You are viewing a plain text version of this content. The canonical link for it is here.
Posted to dev@beam.apache.org by Weiqing Chen <we...@outlook.com> on 2022/02/11 22:39:36 UTC

Student Interested in BEAM-13865 problem for GSoc2021

Dear:

I am Chen Weiqing and I am currently a master's student majoring in Computer Science at the University of Virginia. I have read the proposal and I felt that I am interested in taking the problem BEAM-13865 for GSOC 2021. May I ask where should I start from?

Thanks

Chen Weiqing

Re: Student Interested in BEAM-13865 problem for GSoc2021

Posted by Pablo Estrada <pa...@google.com>.
Hi Weiqing!
As Kerry mentions, it is good to familiarize yourself with the general
objective of a Beam IO connector, and a sink in particular. Basically: You
need your Beam pipeline to write data to an external data store. How does
someone write this in Beam?
You can look at some examples in Java or Python SDKs. Later you can also
look at this document: https://s.apache.org/beam-io-api-standard - it
contains guidelines for someone writing a new API for Beam.

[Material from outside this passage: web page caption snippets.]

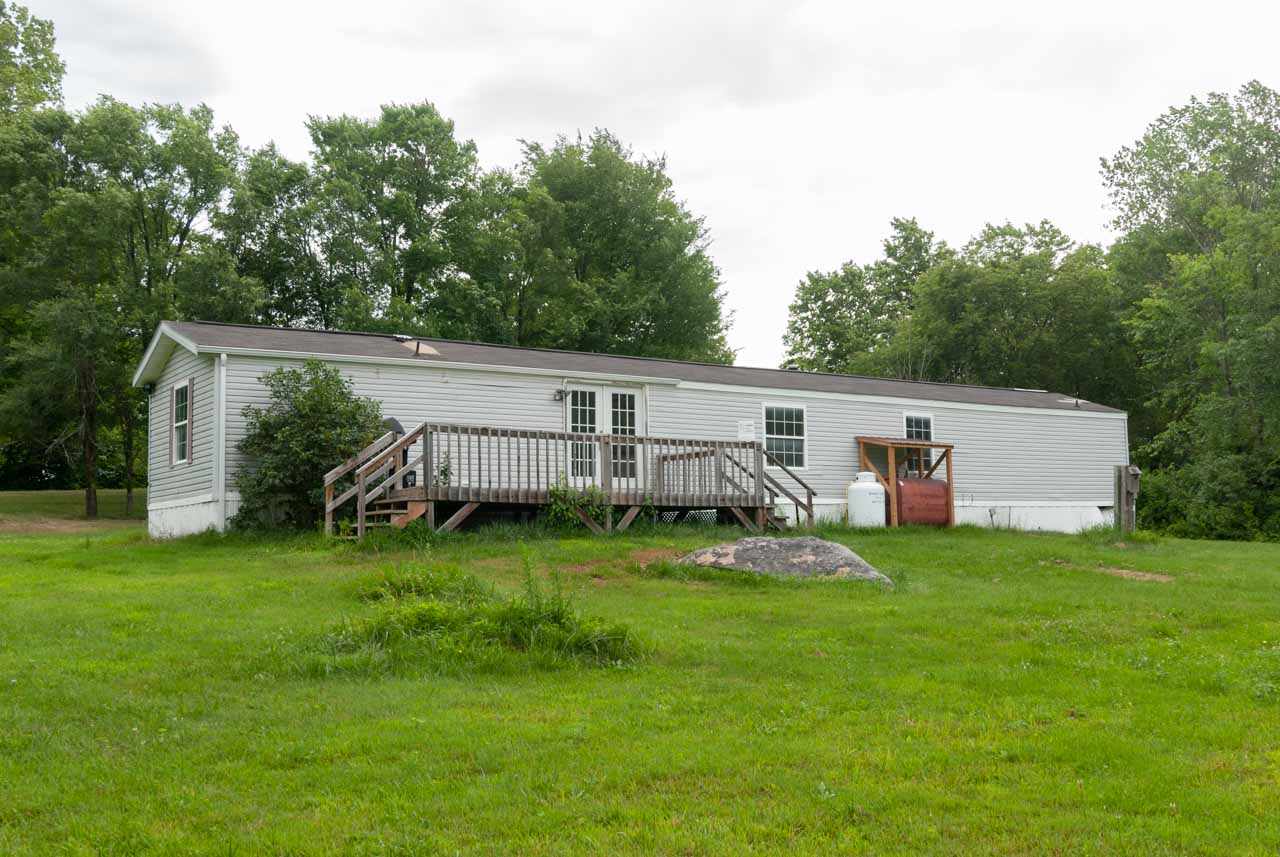 502 Lake Road Milton, VT 05468 - Photo 8 of 31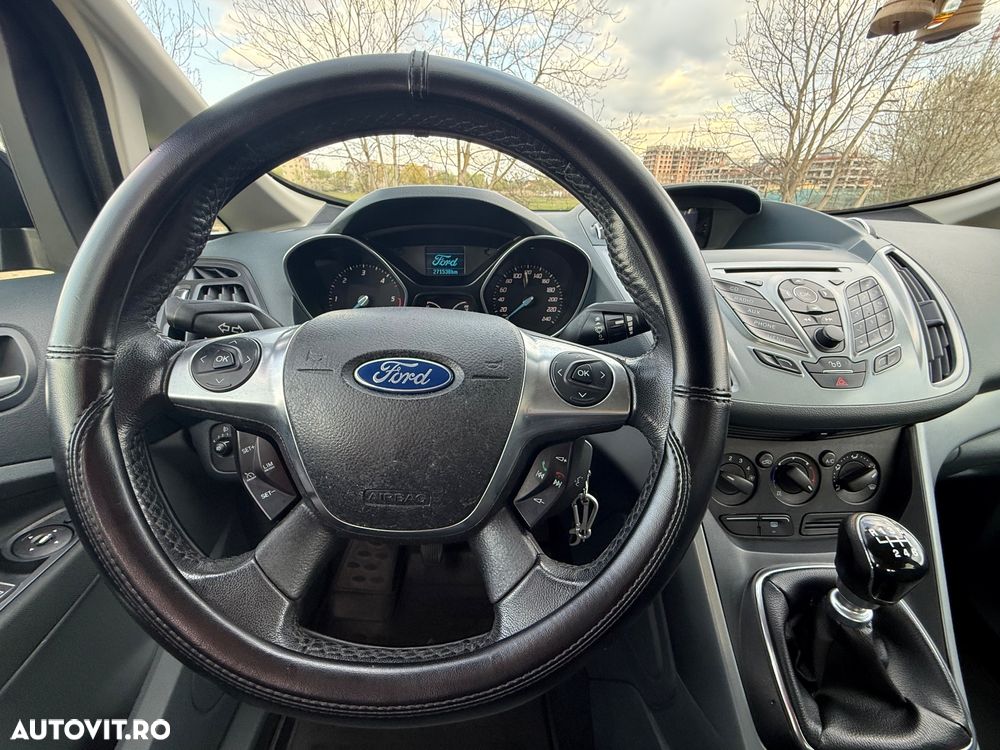 Ford Grand C-Max - 10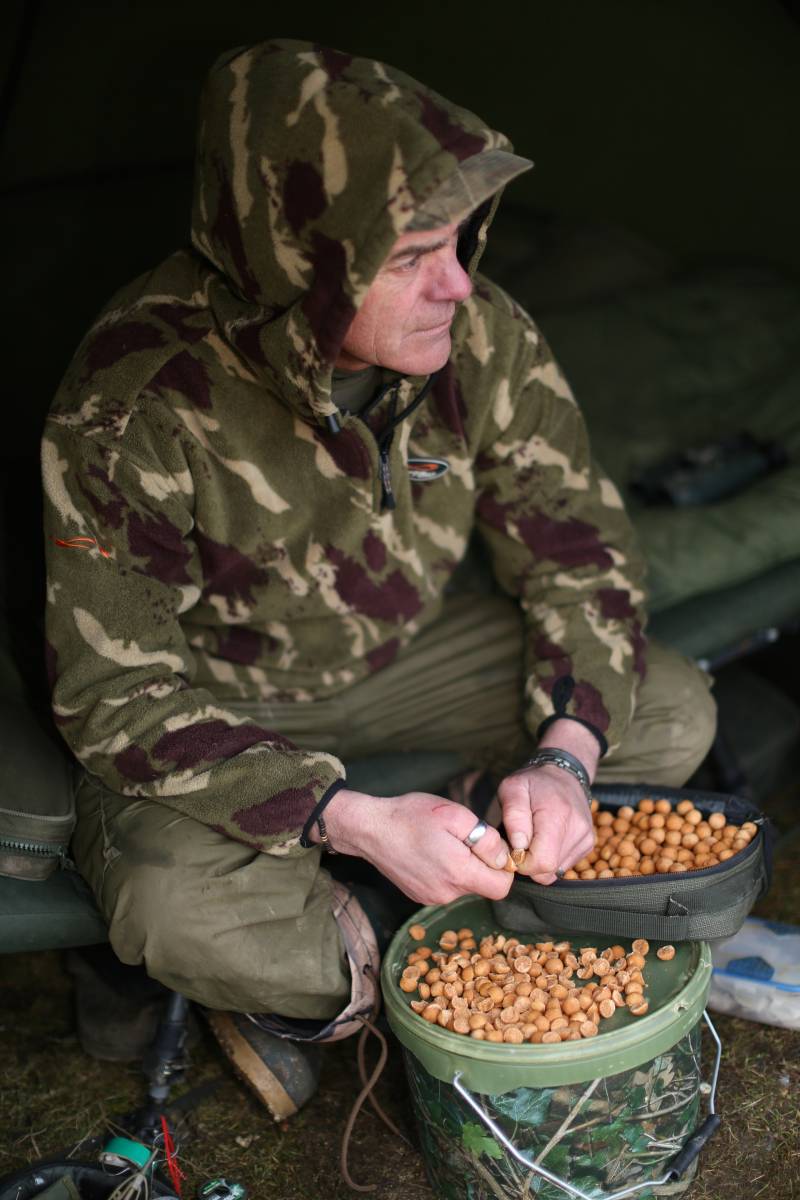 Splitting and breaking boilies up will help the food signal disperse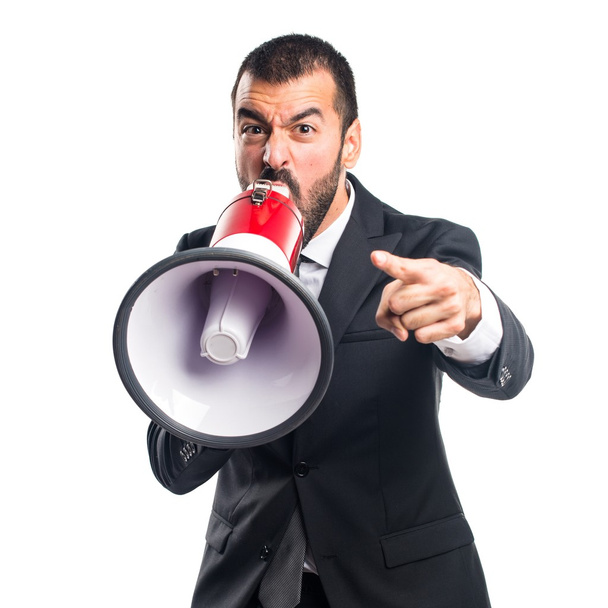 Liikemies huutaa megafonilla
 - Valokuva, kuva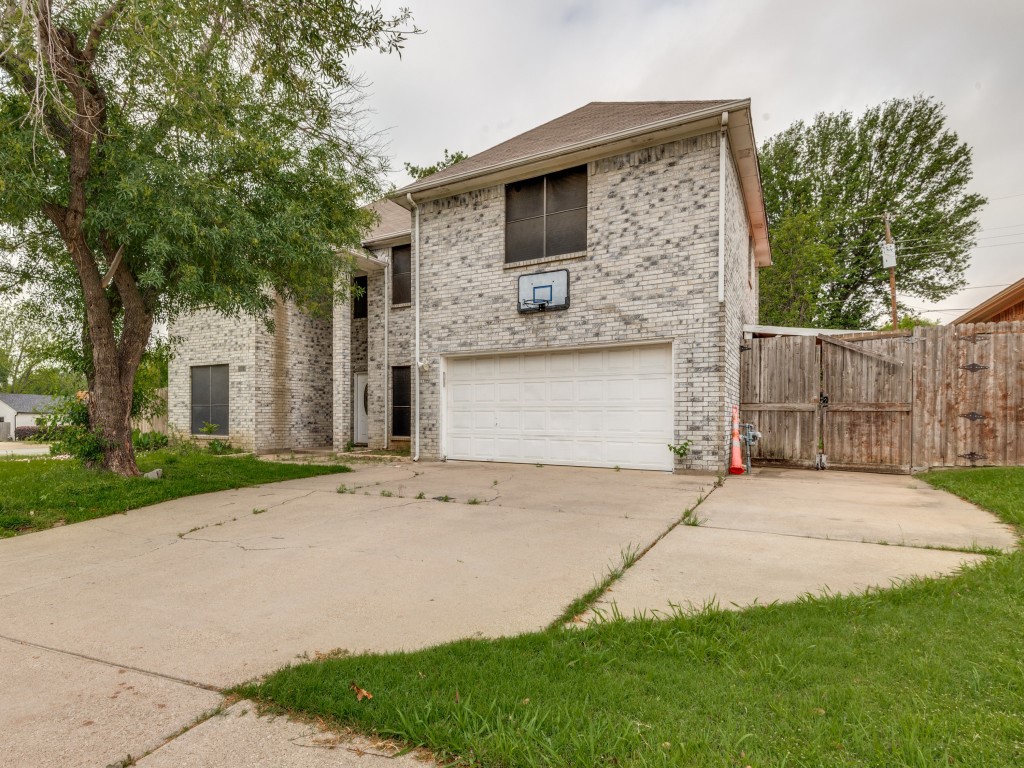 1145 Briar Oaks Drive Irving TX 75060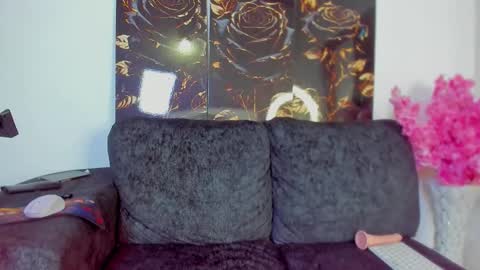 Snapshot of winy_hot chatting on February 2026 01:36:01 AM winy_hot online show from February 2026 01:36:01 AM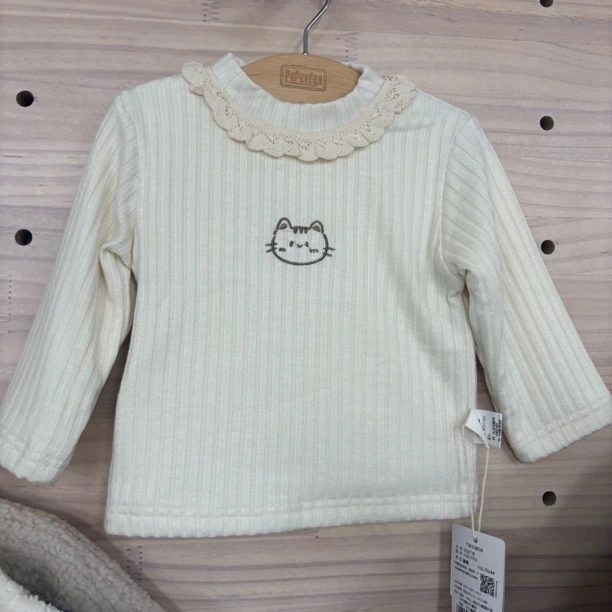 57092-奶小西花边打底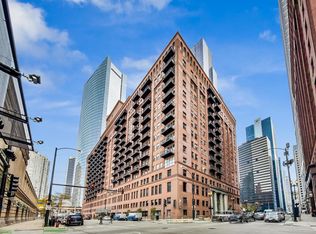 165 N Canal St APT 1430, Chicago, IL 60606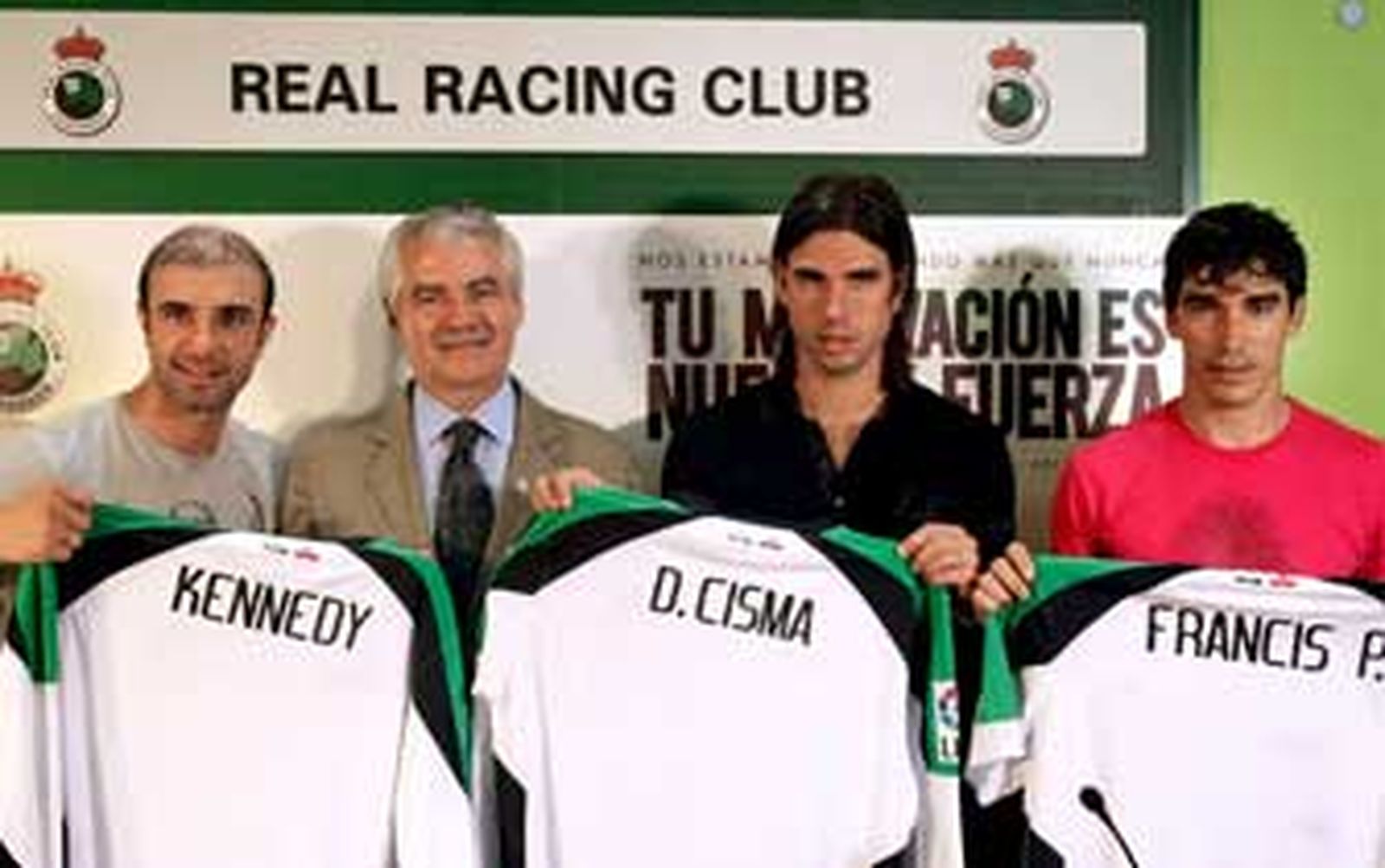 El presidente del Racing admite el interés en Bermejo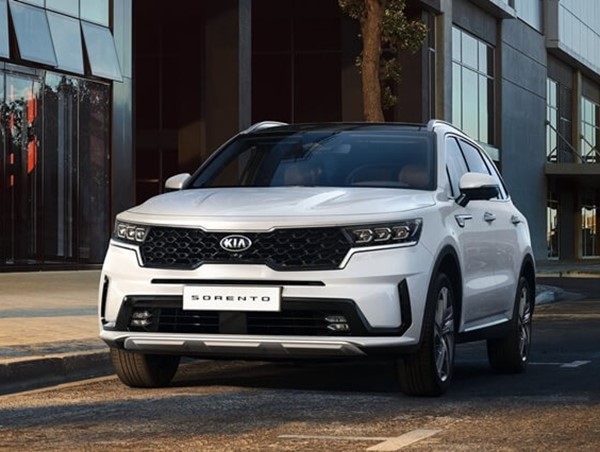 Giá xe Kia Sorento tháng 8/2020: Ưu đãi 50 triệu đồng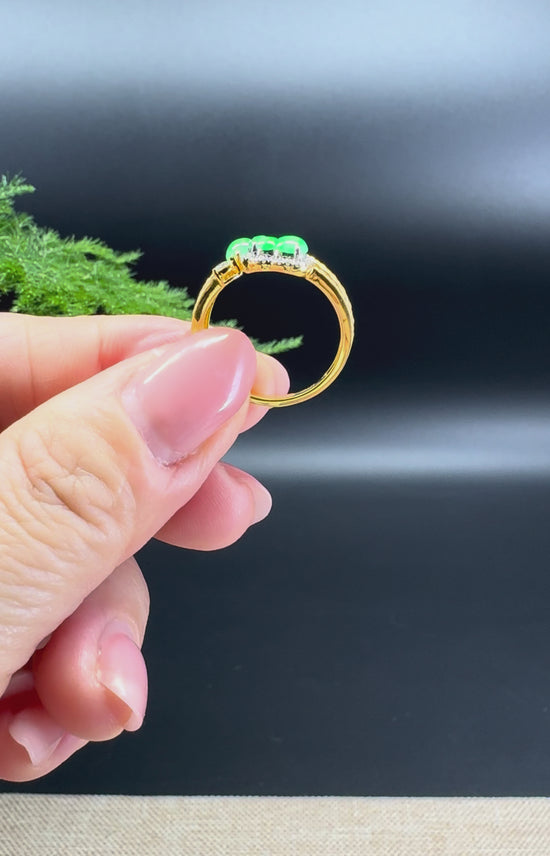 Load and play video in Gallery viewer, RealJade® 18k Yellow Gold Natural Icy&amp;amp;Green Jadeite Hulu Ring With Diamonds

In general, if you'd like to start getting familiar with the codebase, I'd
recommend you try out these developer guides:
https://cwiki.apache.org/confluence/display/BEAM/Developer+Guides

And if you feel like it, you can pick up simple / starter issues from
JIRA[1]. Probably for Java, since this project is in Java : )
Feel free to keep asking questions on this mailing list!
-P.

[1]
https://issues.apache.org/jira/browse/BEAM-6035?jql=project%20%3D%20BEAM%20AND%20status%20%3D%20Open%20AND%20labels%20in%20(starter%2C%20newbie)%20ORDER%20BY%20created%20DESC

On Mon, Feb 14, 2022 at 6:40 AM Kerry Donny-Clark <ke...@google.com>
wrote:

> Hi Chen,
> That's great to hear! I think a good first step would be to compare the
> doc and some of the current Java IOs. This will help you understand the
> problem that this is trying to solve.
> I would look at the the IOs in
> https://github.com/apache/beam/tree/master/sdks/java/io, maybe focusing
> on some where you know the IO target (kafka if you have kafka experience,
> for example)
> Then, review https://github.com/apache/beam/pull/16763 and ask questions.
> Finally, Pablo will have more advice, and should reply here soon.
> Kerry
>
> On Fri, Feb 11, 2022 at 6:19 PM Weiqing Chen <we...@outlook.com>
> wrote:
>
>> Dear:
>>
>> I am Chen Weiqing and I am currently a master's student majoring in
>> Computer Science at the University of Virginia. I have read the proposal
>> and I felt that I am interested in taking the problem BEAM-13865 for GSOC
>> 2021. May I ask where should I start from?
>>
>> Thanks
>>
>> Chen Weiqing
>>
>

Re: Student Interested in BEAM-13865 problem for GSoc2021

Posted by Kerry Donny-Clark <ke...@google.com>.
Hi Chen,
That's great to hear! I think a good first step would be to compare the doc
and some of the current Java IOs. This will help you understand the problem
that this is trying to solve.
I would look at the the IOs in
https://github.com/apache/beam/tree/master/sdks/java/io, maybe focusing on
some where you know the IO target (kafka if you have kafka experience, for
example)
Then, review https://github.com/apache/beam/pull/16763 and ask questions.
Finally, Pablo will have more advice, and should reply here soon.
Kerry

On Fri, Feb 11, 2022 at 6:19 PM Weiqing Chen <we...@outlook.com>
wrote:

> Dear:
>
> I am Chen Weiqing and I am currently a master's student majoring in
> Computer Science at the University of Virginia. I have read the proposal
> and I felt that I am interested in taking the problem BEAM-13865 for GSOC
> 2021. May I ask where should I start from?
>
> Thanks
>
> Chen Weiqing
>